Dataset section —
####################
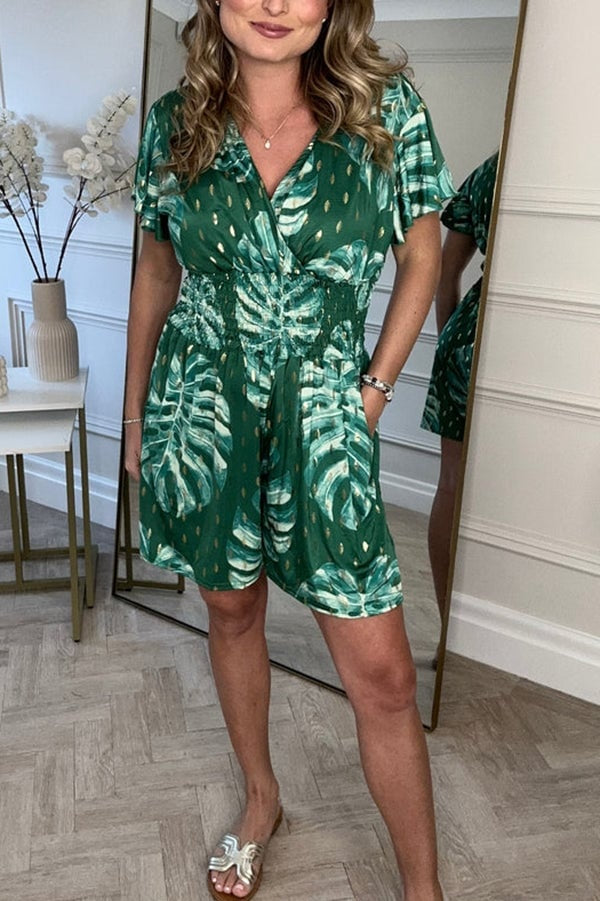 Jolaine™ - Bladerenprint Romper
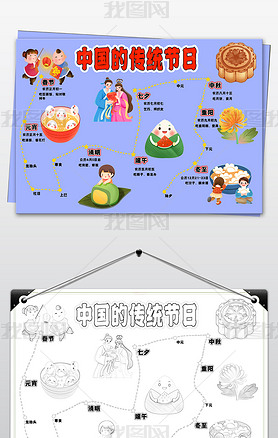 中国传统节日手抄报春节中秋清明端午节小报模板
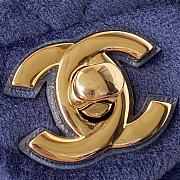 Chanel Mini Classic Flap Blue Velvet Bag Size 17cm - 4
####################
Task to complete — Return the data above unchanged. Pictures are not part of the copy.

Result of this exercise —
 Jolaine™ - Bladerenprint Romper
 中国传统节日手抄报春节中秋清明端午节小报模板
 Chanel Mini Classic Flap Blue Velvet Bag Size 17cm - 4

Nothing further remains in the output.